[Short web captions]
════════════════════

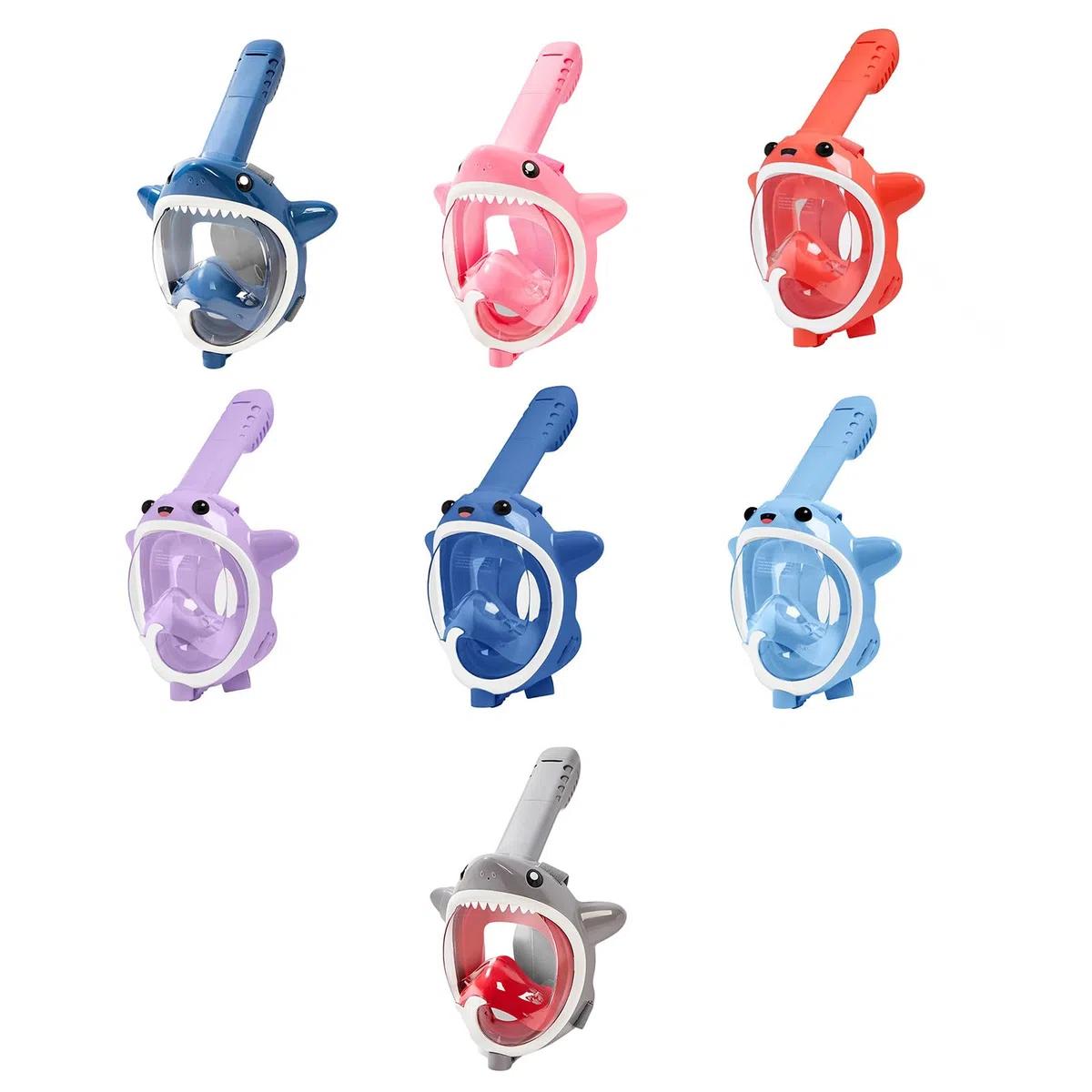Maschera da snorkeling integrale con sistema di respirazione Dry Top, per bambini, pieghevole, vista panoramica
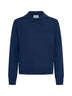Maglia polo con scollo a V e polsini a costine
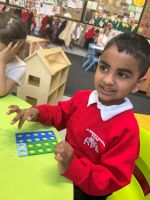 Child exploring maths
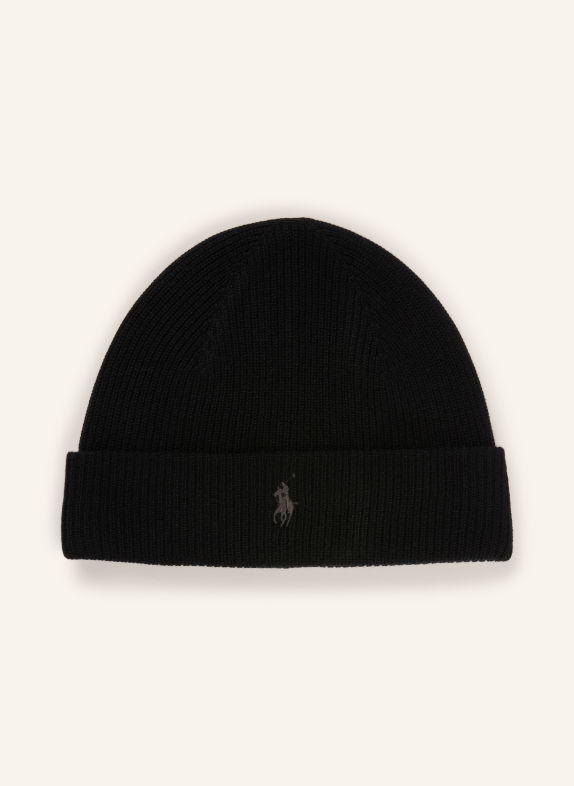 POLO RALPH LAUREN Kašmírová čepice ČERNÁ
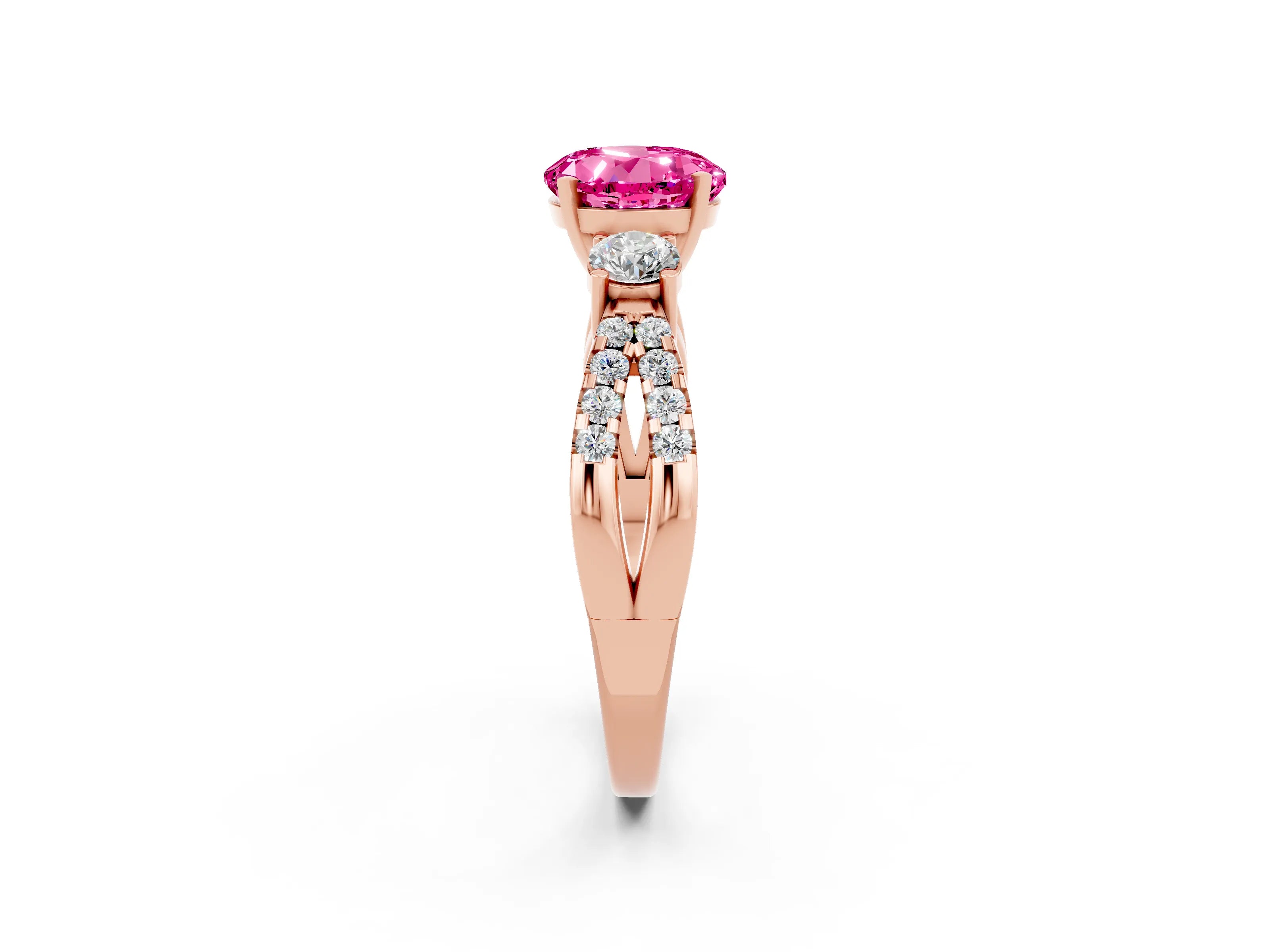 Rose gold Round Cut Pink Sapphire Three-Stone Ring with Pavé Split Shank and Four-Prong Setting_26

════════════════════

_Work required_
Word for word, restate the lines from the line containing "Child exploring maths" through the end of the data, including the first and last of them. Pictures stay out.

_Response for this exercise_
 Child exploring maths
 POLO RALPH LAUREN Kašmírová čepice ČERNÁ
 Rose gold Round Cut Pink Sapphire Three-Stone Ring with Pavé Split Shank and Four-Prong Setting_26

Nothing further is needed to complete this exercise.